Nel secondo capitolo Vegetti risale alle origini dell’etica antica, rinvenute nell’Iliade con la sua virtù della forza, attraverso cui analizza il primo momento di sviluppo della morale, ancora pre-politica, e della sua dialettica. Nel terzo capitolo l’autore inquadra l’apogeo e la crisi della concezione dell’etica nella civiltà greca antica, in cui si sviluppa una concezione politicizzata della morale, in rottura più o meno aperta con l’antica concezione omerica. Vediamo così come attraverso l’impresa di Solone, mediante cui si afferma l’idea dell’eguaglianza fra gli uomini, da realizzare attraverso l’opera di formazione che deve svolgere la polis, si giunge a una analisi critica della natura del potere. Da tale critica assistiamo alla crisi della precedente concezione politicizzata della morale, fino al sorgere della nostalgia per la polis antica oramai perduta.
Da questa crisi, sorge e si afferma una concezione vieppiù interiorizzata della morale, con il progressivo affermarsi dell’anima individuale. Tale sviluppo avviene attraverso l’orfismo e i riti dionisiaci, cui seguono filosoficamente il pitagorismo, l’affermazione con Socrate del dèmone interiore, fino all’elevarsi nel Socrate di Platone dell’anima al vero io. Tale concezione entra in crisi con l’emergere in Platone delle stratificazioni e delle lotte interne alle diverse configurazioni dell’anima, per cui l’anima finirà per volgersi contro se stessa, sino al progressivo fallimento della sua interpretazione come verità dell’Io. Ciò nonostante vi sarà una forte ripresa della concezione dell’anima nel mondo romano con il neoplatonismo e, in seguito, con il progressivo affermarsi del cristianesimo.
Vegetti passa quindi al cuore della sua storia dell’etica, ovvero al capitolo V in cui affronta il decisivo sviluppo in senso politico della conflittualità interna all’anima nel grande dialogo di Platone La Repubblica. Viene così esposta la dialettica platonica fra anima e polis che ha di mira un superamento dei conflitti interni a entrambe mediante una ricomposizione. A tal proposito Vegetti muove da una essenziale presentazione dei personaggi protagonisti del grande dialogo platonico, da Socrate a Glaucone a Trasimaco. Platone va a fondo nell’analisi della crisi dell’etica greca tradizionale, analizzando in parallelo la crisi dell’anima e della polis, attraverso la loro scissione interna e i conflitti che si producono in loro. La ricomposizione al livello della dimensione politica della polis si realizza nel progetto di Platone attraverso la realizzazione di una società giusta in cui ogni uomo abbia il posto che si merita all’interno della totalità organica della comunità razionale. Per quanto concerne l’anima la componente razionale deve dominare, in alleanza con la componente irascibile, la parte irrazionale, legata ai desideri immediati del corpo.

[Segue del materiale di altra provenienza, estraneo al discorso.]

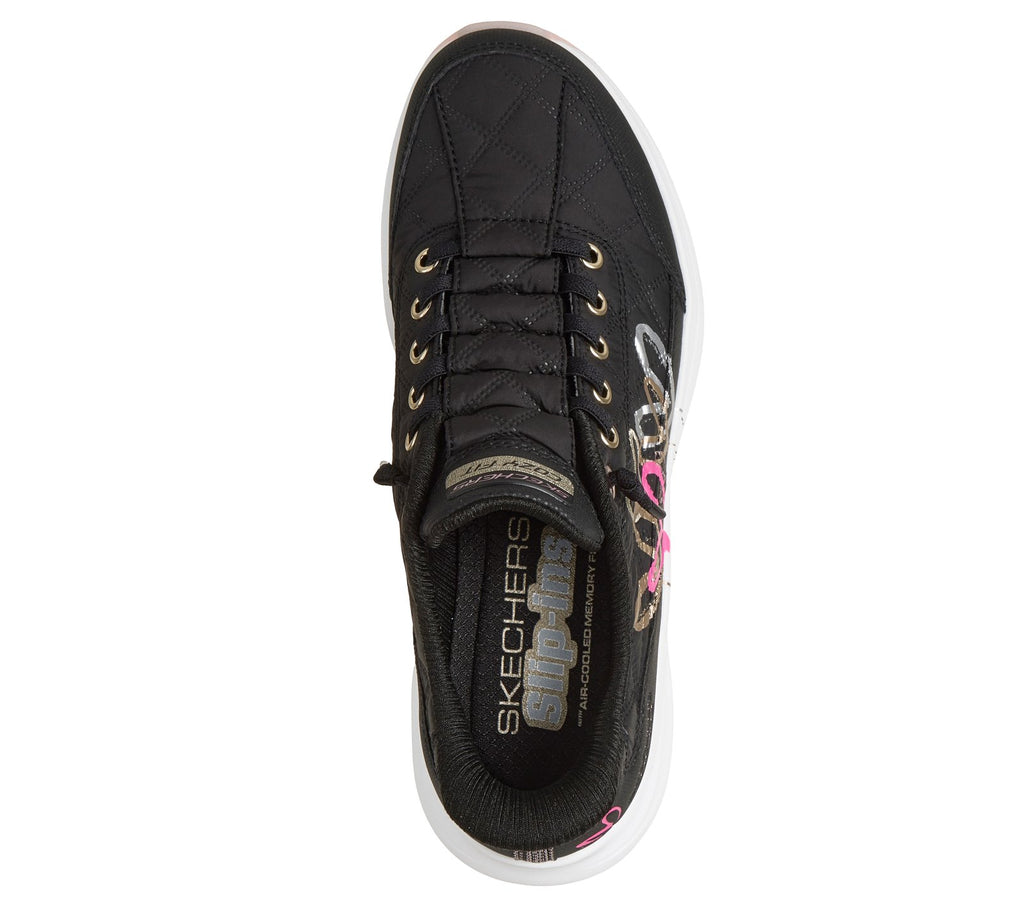 Skechers Slip-ins JGoldcrown: Contour Foam - Cozy Fit Golden Embrace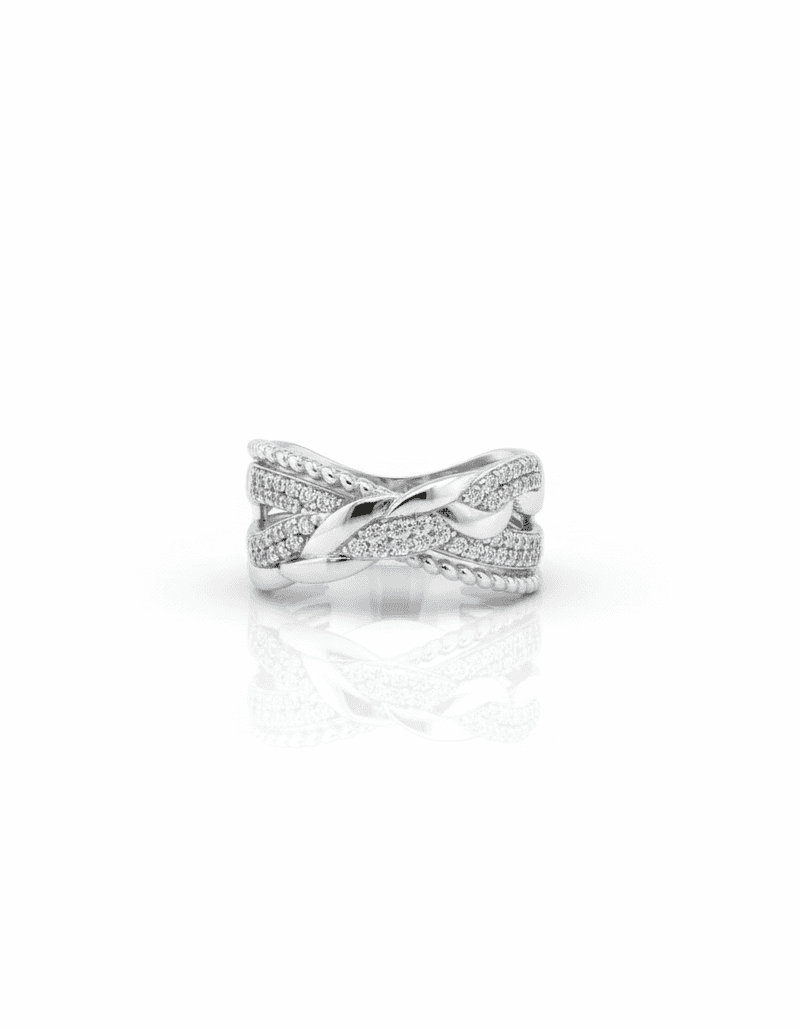 Y50_knot RING-ITALIAN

Affinché ognuno stia al suo posto nella kallipolis e così si abbia una polis giusta è necessaria una importante azione pedagogica, volta alla formazione – in particolare e in primo luogo – delle classi dirigenti. D’altra parte, con il passare degli anni e presumibilmente anche per le critiche di utopismo da parte di Aristotele, Platone si rende conto che non vi sono le condizioni, almeno in quella fase storica, per realizzare questa grande opera pedagogica volta alla formazione dell’uomo nuovo. Per questo nell’ultimo suo dialogo, Le leggi, Platone – anche per fornire uno strumento più immediatamente utile ai molti accademici impegnati nella direzione diretta o indiretta di poleis – architetta un sistema di leggi che guidi in modo anche coercitivo le anime dei cittadini affinché seguano la legge razionale.
Tornando alla Repubblica, Platone indica nel buono in sé ciò che consente a chi governa di gestire il potere in modo giusto. Per giungere alla conoscenza del buono vi è bisogno di sviluppare lo studio della dialettica, che diverrà poi essenziale per convincere anche la massa che non lo conosce a seguire i filosofi-Re, che dovranno governare a turno la polis.
Tutto ciò non toglie che anche l’etica platonica, come un po’ tutte le concezioni morali del mondo greco antico, abbia come fine la felicità. Anzi è proprio questo stimoli naturale che dovrebbe a poco a poco spostare un numero di uomini sempre maggiore a battersi per la kallipolis, in quanto costituisce l’unico modo per poter raggiungere una felicità piena e duratura. Tanto più che quella della kallipolis per Platone non può rimanere una pura utopia, non solo in quanto è conforme a natura e ha, dunque, un valore normativo-razionale, ma perché può essere realizzata o essere stata realizzata in un luogo e in uno spazio anche molto distante da noi. Perciò la scuola platonica, fino al suo scioglimento da parte di Giustiniano, continuerà a cercare il luogo più propizio per lavorare in vista della realizzazione dell’ideale di città giusta.
L’altro gigante del pensiero greco: Aristotele – che vale nell’opera di Vegetti come punto di riferimento generale, e a cui è dedicato come a Platone un intero capitolo – cerca di ricomporre le dinamiche anche contraddittorie dell’anima e più in generale della polis in modo, a differenza di Platone, non conflittuale. Anche perché i rapporti di forza nell’età di Aristotele e la sua stessa posizione di meteco, che gli impediva di poter praticare l’attività politica ad Atene, gli faceva apparire del tutto utopistica la prospettiva della conquista del potere. Perciò in Aristotele tende a venir meno lo spirito dell’utopia che muove Platone, portandolo a ragionare sull’etica non più nei termini del dover essere, ma dello studio “scientifico dell’essere”, per cui l’etica non è più pensabile come un paradigma in cielo, ma le sue premesse e fondamenta vanno ricercati come già presenti nei costumi e nelle istituzioni delle poleis e nella natura stessa dell’uomo, che assume un valore normativo.
Nella sua necessità di fondare una nuova filosofia, superando quella platonica, Aristotele abbandona la dialettica strettissima fra teoria e prassi sostenuta dal suo maestro. Per Aristotele non solo il piano teorico non deve guidare come in Platone l’ambito pratico, ma anche quest’ultimo si deve necessariamente sviluppare in maniera autonoma. Le stesse decisioni che muovono le azioni umane derivano dalla volontà e l’ambito teorico e, più in generale razionale, è utile solo per vagliarne la realizzabilità pratica.
Inoltre, sempre in rottura con Platone, a guidare l’uomo nella realizzazione di una città per quanto possibile giusta non è più il buono in sé, ma sono le singole cose e azioni buone. In Aristotele il rapporto fra la virtù e la felicità, che resta la causa finale dell’azione, si complica, diviene più complesso, anche se il filosofo fa di tutto per mantenerlo. Il rapporto fra etica e politica resta stretto anche in Aristotele, anche se i due ambiti accrescono la loro autonomia rispetto alla concezione di Platone.